What is expected: Everything in the data that follows should be given again verbatim, except the images.

The data:
[Start of section]

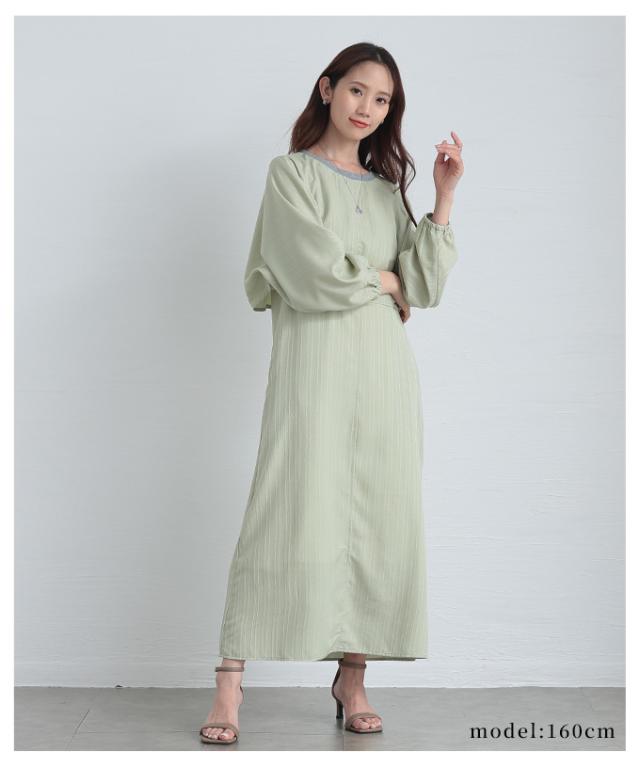 冬新作 ゆる涼しい大人のカジュアルスタイルを楽しめるトップス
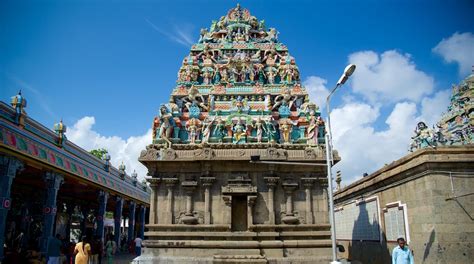 Visit Kapaleeswarar Temple in Chennai | Expedia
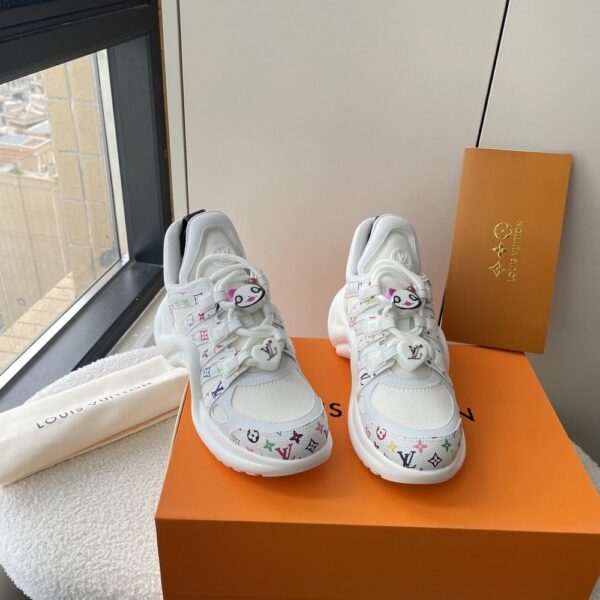 New Arrival Shoes L3357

[End of section]

Result of this exercise:
 冬新作 ゆる涼しい大人のカジュアルスタイルを楽しめるトップス
 Visit Kapaleeswarar Temple in Chennai | Expedia
 New Arrival Shoes L3357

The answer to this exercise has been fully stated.